To identify, assess and control the risks to an activity, the manager invites other stakeholders’ viewpoints to ensure a consensus of what we all agree to be the likely risk profile and exposure. This leverages the wisdom of crowds.
However, the collective intelligence of an assembled throng will have its limits. When the United States Secretary of Defence, Donald Rumsfeld famously stated there are only so many eventualities that can be predicted:
“Reports that say that something hasn't happened are always interesting to me, because as we know, there are known knowns; there are things we know we know. We also know there are known unknowns; that is to say we know there are some things we do not know. But there are also unknown unknowns – the ones we don't know we don't know. And if one looks throughout the history of our country and other free countries, it is the latter category that tend to be the difficult ones.”
The difficulty when assessing a risk manager’s performance fairly is to determine what are the unknown unknowns.
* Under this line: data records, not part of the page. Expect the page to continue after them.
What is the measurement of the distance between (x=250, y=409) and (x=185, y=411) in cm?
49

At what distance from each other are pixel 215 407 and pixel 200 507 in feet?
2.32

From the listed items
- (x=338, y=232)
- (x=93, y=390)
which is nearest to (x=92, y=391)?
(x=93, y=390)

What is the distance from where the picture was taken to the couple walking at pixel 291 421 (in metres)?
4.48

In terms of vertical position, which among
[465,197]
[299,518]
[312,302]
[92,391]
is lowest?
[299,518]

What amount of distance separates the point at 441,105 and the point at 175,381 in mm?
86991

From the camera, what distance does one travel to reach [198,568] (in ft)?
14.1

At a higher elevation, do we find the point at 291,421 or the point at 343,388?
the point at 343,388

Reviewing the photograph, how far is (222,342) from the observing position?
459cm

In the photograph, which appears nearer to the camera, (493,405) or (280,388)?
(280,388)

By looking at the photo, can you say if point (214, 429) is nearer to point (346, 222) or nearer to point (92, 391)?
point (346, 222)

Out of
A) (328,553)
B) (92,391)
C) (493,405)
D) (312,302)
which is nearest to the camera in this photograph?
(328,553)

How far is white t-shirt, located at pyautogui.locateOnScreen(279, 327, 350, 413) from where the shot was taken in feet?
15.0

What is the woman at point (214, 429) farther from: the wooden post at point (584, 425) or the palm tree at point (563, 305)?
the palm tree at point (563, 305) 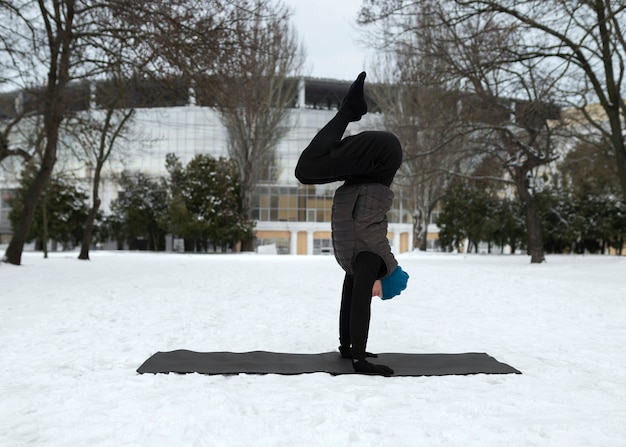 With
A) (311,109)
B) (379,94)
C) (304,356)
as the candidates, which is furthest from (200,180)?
(304,356)

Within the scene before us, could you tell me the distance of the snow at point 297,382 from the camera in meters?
2.59

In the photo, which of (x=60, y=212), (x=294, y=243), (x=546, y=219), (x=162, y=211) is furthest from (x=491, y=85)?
(x=294, y=243)

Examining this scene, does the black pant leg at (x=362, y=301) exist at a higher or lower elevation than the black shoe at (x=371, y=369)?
higher

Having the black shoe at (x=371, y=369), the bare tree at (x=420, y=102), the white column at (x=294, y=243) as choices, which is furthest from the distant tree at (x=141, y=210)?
the black shoe at (x=371, y=369)

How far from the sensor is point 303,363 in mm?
4027

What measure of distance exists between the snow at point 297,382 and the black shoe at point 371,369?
0.10 metres

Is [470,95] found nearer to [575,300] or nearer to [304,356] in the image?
[575,300]

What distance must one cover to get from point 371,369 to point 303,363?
56cm

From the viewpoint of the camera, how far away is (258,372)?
371 cm

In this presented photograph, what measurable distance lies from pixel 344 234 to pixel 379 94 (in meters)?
31.5

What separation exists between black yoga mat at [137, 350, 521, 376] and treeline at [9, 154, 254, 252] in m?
32.1

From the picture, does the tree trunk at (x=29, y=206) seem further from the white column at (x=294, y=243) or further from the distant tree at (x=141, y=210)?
the white column at (x=294, y=243)

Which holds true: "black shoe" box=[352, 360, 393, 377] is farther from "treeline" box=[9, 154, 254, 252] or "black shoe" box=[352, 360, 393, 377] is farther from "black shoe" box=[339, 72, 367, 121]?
"treeline" box=[9, 154, 254, 252]

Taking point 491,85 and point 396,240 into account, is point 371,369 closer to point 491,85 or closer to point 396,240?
point 491,85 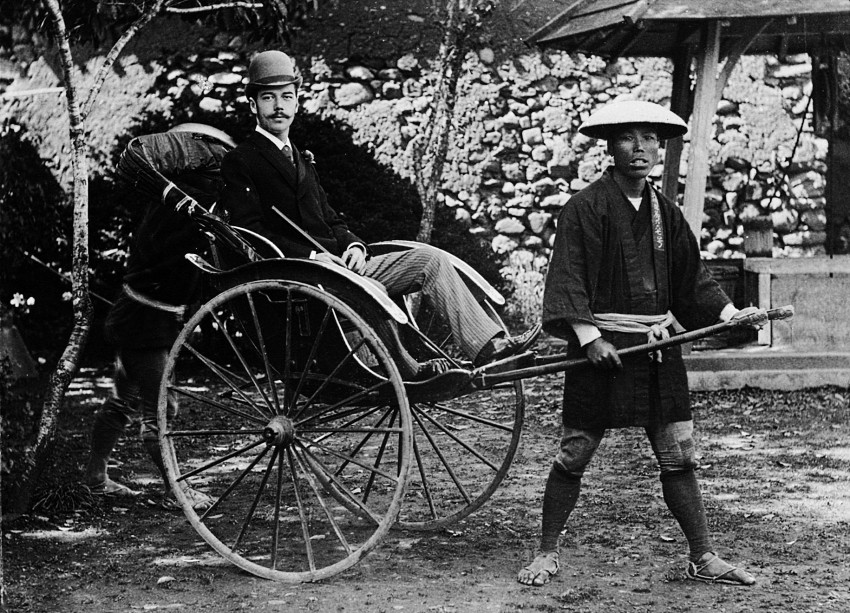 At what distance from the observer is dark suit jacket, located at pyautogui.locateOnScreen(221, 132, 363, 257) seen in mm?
4375

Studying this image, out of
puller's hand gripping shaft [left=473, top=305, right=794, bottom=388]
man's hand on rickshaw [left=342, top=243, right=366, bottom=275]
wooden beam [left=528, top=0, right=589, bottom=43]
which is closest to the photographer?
puller's hand gripping shaft [left=473, top=305, right=794, bottom=388]

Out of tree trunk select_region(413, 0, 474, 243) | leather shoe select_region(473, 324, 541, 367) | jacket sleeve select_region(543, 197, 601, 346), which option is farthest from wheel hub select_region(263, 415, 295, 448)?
tree trunk select_region(413, 0, 474, 243)

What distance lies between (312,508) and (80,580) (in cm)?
133

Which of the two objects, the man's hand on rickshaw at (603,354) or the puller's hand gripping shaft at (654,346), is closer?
the puller's hand gripping shaft at (654,346)

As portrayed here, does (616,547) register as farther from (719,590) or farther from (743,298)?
(743,298)

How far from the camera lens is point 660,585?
3975mm

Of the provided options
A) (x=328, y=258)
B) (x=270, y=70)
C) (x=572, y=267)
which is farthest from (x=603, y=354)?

Despite a team’s hard-working efforts to gain a collective consensus about what risks exist and need to be controlled to optimize the objectives of the activity they are supervising, I have heard senior managers tell the team that it should have spotted an issue that caught us by surprise (i.e. we should have identified and controlled it as a risk before it materialised) because, despite there having been little or no objective basis for forecasting it, the event was predictable.
Yes, occasionally, there are events that unexpectedly occur, and after-the-event analysis shows that they could have been better anticipated. However, in my own experience, this is more unusual than a stakeholder looking to allocate blame (rather than extracting learning – a whole essay for another day!) by claiming that they would have predicted the uncertainty because they “knew it all along”.
In one of my favourite Steven Spielberg movies “Jurassic Park”, the mathematician Ian Malcolm (Jeff Goldblum in fine form) famously cites chaos theory’s assertion that small changes in complex systems can have big, unpredictable effects.
We may be able to plan for different eventualities (which often leads to another troubling consequence as managers believe in the illusion that they have control), but we cannot thereby determine the future. It is hard to predict very far ahead successfully. At all levels of the management hierarchy, we have to expect things to fail, and we have got to be ready to change.